An idea similar to what is now called the DEEEAL lecture was mooted in 1996 during my chairmanship. Its advocates argued that the Division (as the Institution was then known) ought to institute a platform where a notable Electrical Engineer should be given the rostrum to recommend a worthy objective which the Division could pursue as a matter of national development. It was adjudged that such a speaker, in his/her lecture, must demonstrably break new ground – worthy of the Institution’s support and backing. The audience and its selection would be primarily, but not entirely, at the discretion of the nominee-lecturer and should include a wide spectrum of top professionals from government, politics, academia and business. The lecture, like any of our other programs, must also have a subtle economic objective that chimes with the ethos and operations of the Division.

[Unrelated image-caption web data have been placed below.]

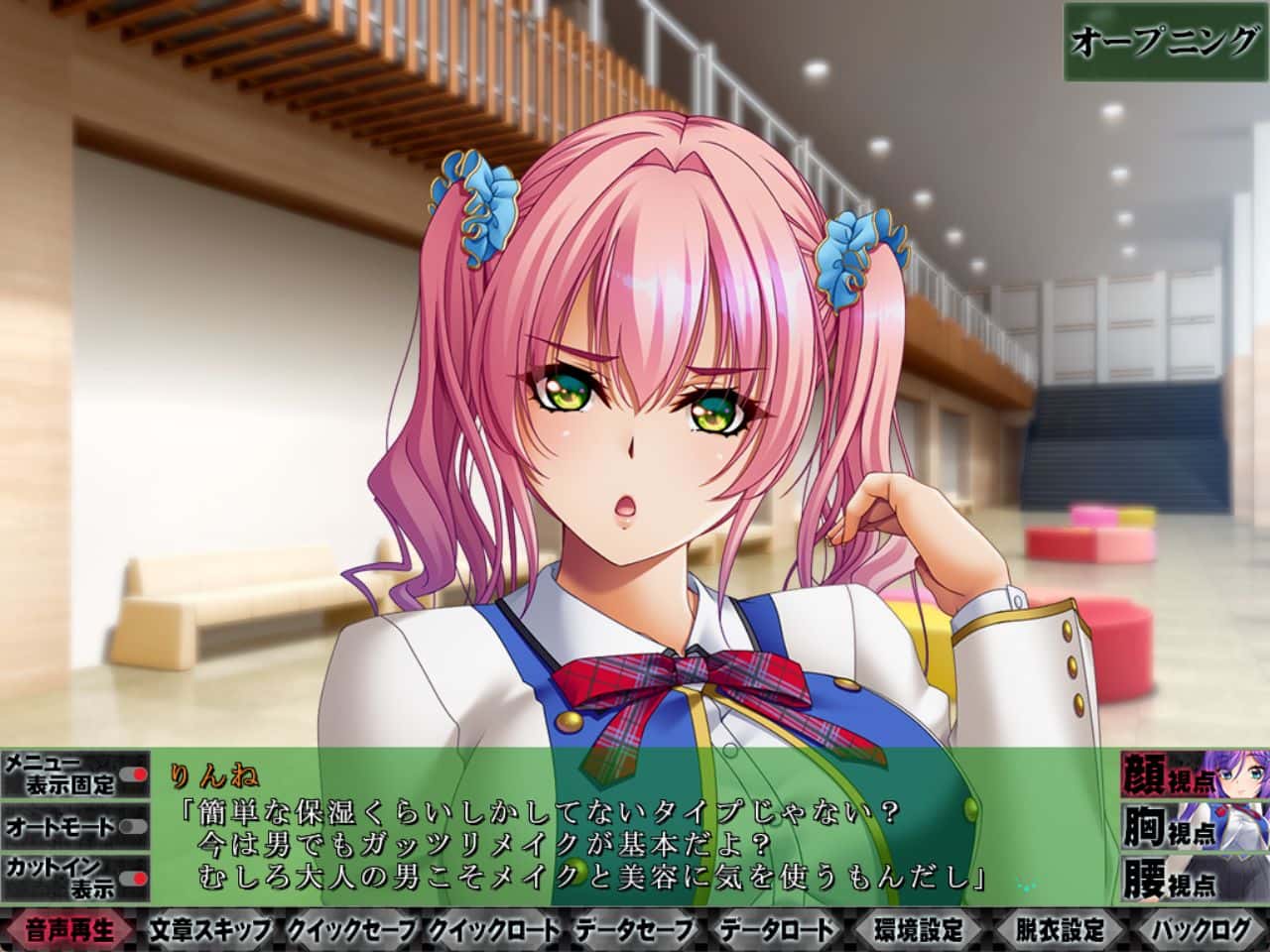 游戏画面4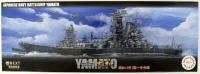 Fujimi 1/700 KAN NEXT Series IJN Battleship Yamato 1944 Sho Ichigo Operation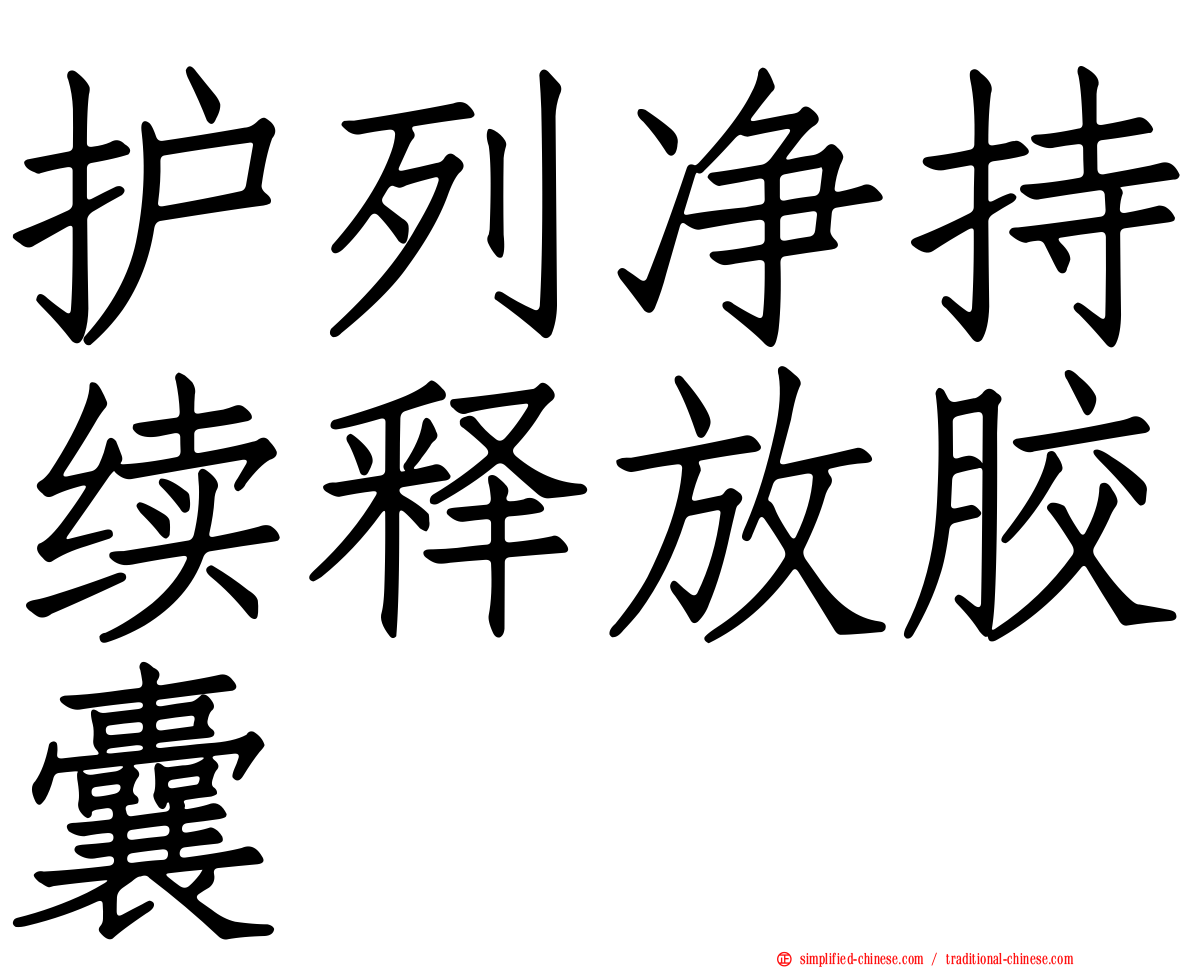 护列净持续释放胶囊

I am aware that since the DEEEAL Lecture commenced a few years after I left office, it boasts a list of illustrious speakers. I have been fortunate enough to be present at all the lectures delivered in the past three years and I can say, with contentment and pride, that its raison d’être has been retained.

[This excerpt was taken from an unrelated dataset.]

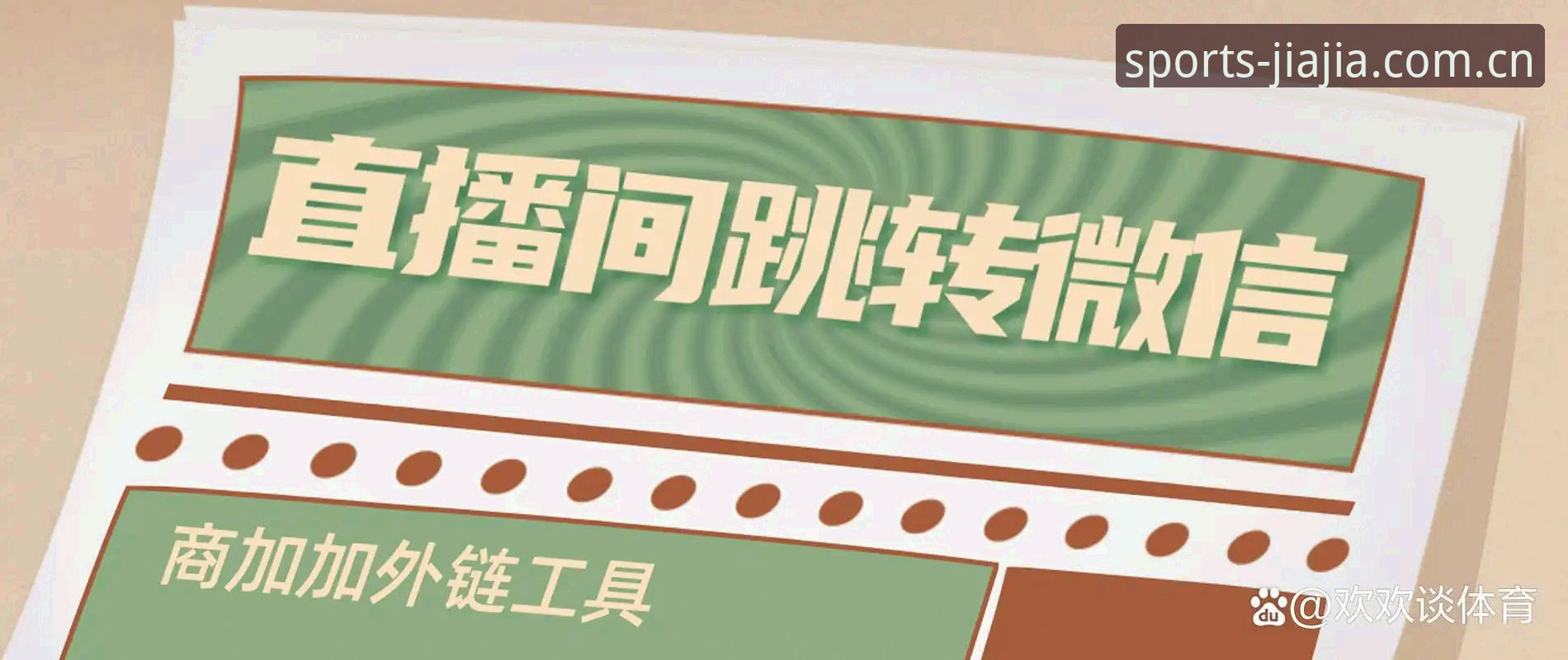 加加体育平台2026用户评价实用指南：从下载到体验的全流程解析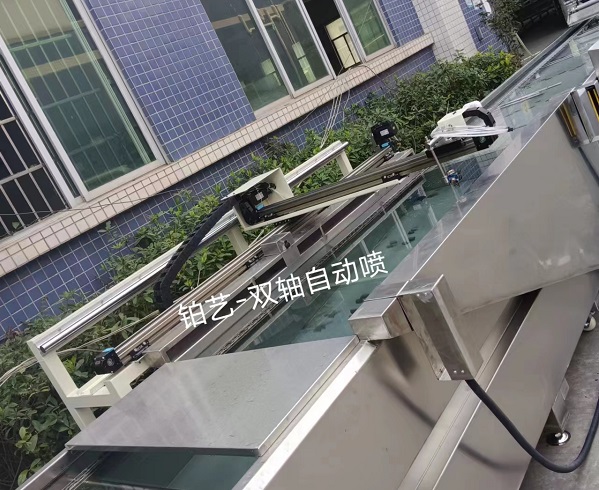 雙軸自動流膜槽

I was privileged to attend the 2009 lecture where Engr John Ayodele, FNSE promoted the idea of “Distributed Generation for our public electricity supply system”. 12 months on, and given that inadequate power is one of the impediments to the development and growth of ICT in Nigeria, I am yet to read about how far our Institution has pushed this radical idea which strictly speaking, is a fundamental shift from the way we have run the power service thus far. It therefore begs the question, ‘My Chairman sir, what has happened to Engr. Ayodele’s recommendations?’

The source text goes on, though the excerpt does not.